▶ **Task brief**:
Exactly as written, return every line of the data below apart from the pictures.
== Segment start ==
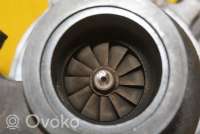Турбина Volvo XC60 2 2020г. 53169700017 , artSZY40345 - Фото 8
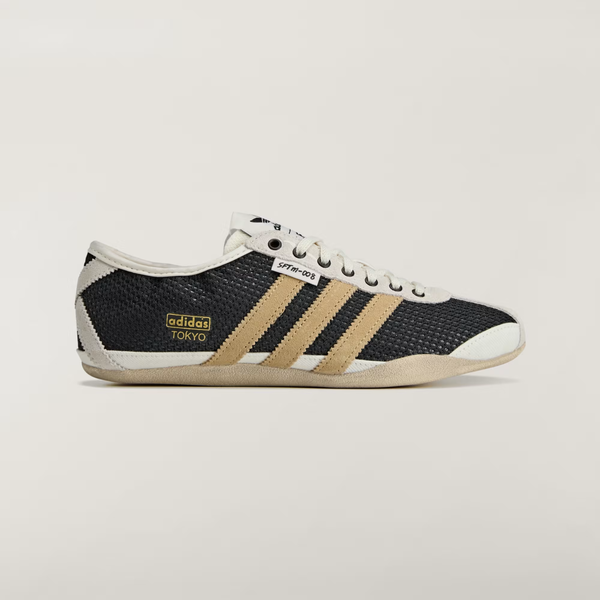 Adidas Tokyo W SFTM Sneakers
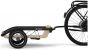 Hamax Venture Plus Cargo Trailer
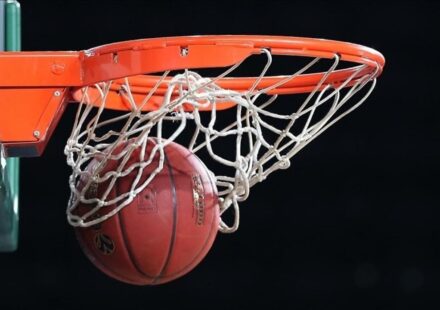 basketbol avrupa liginde cift mac haftasi basliyor NB155C5d.jpg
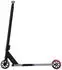 Razor Pro XXX black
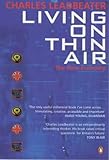 Living on thin air : the new economy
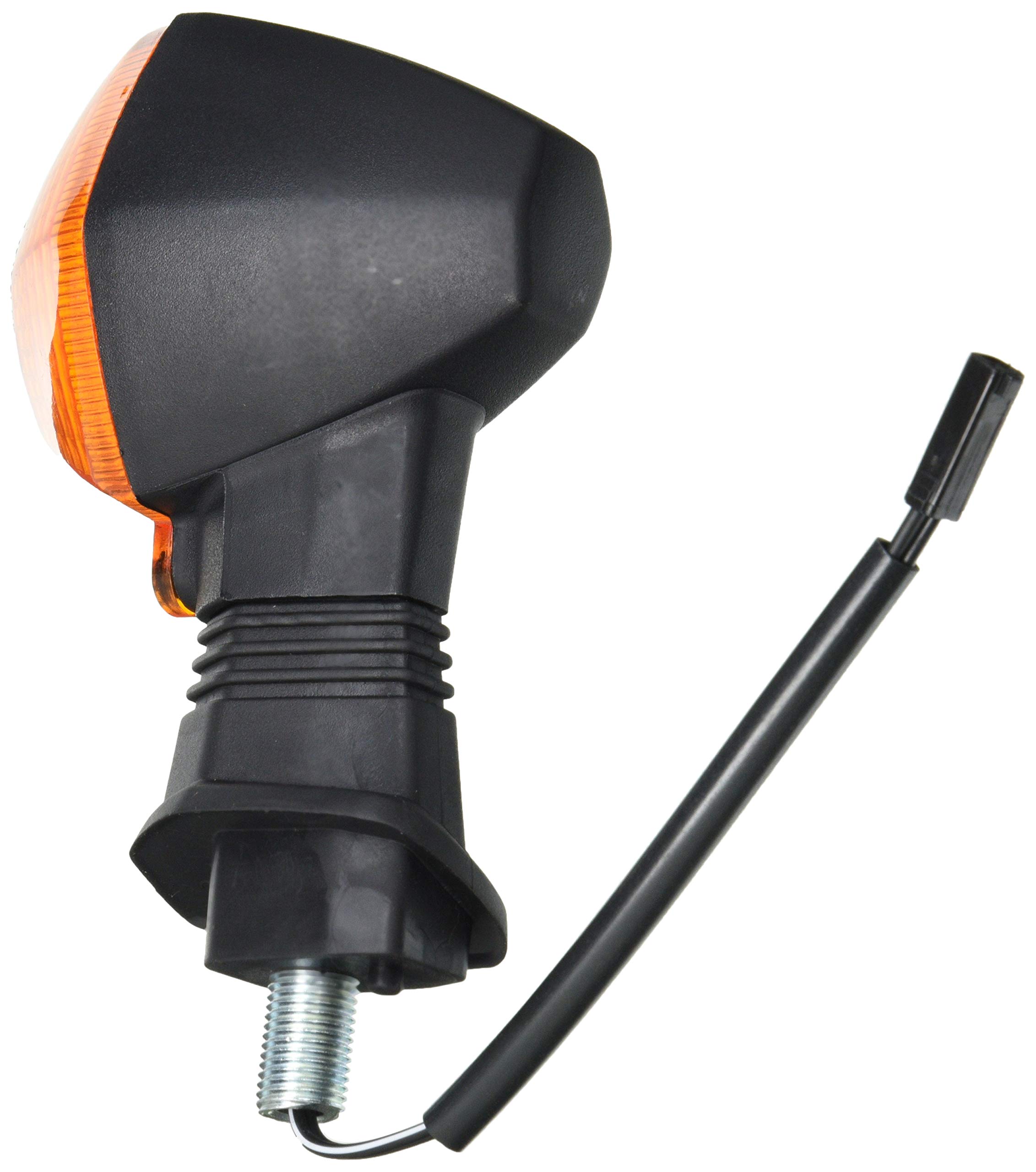 Blinker Vorn Rechts / Hinten Links Für Rieju MRT, Tango, Marathon Cross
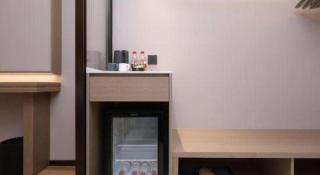 Huayang New Century International Hotel - 1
== Segment end ==
▶ **Answer for the task**:
Турбина Volvo XC60 2 2020г. 53169700017 , artSZY40345 - Фото 8
 Adidas Tokyo W SFTM Sneakers
 Hamax Venture Plus Cargo Trailer
 basketbol avrupa liginde cift mac haftasi basliyor NB155C5d.jpg
 Razor Pro XXX black
 Living on thin air : the new economy
 Blinker Vorn Rechts / Hinten Links Für Rieju MRT, Tango, Marathon Cross
 Huayang New Century International Hotel - 1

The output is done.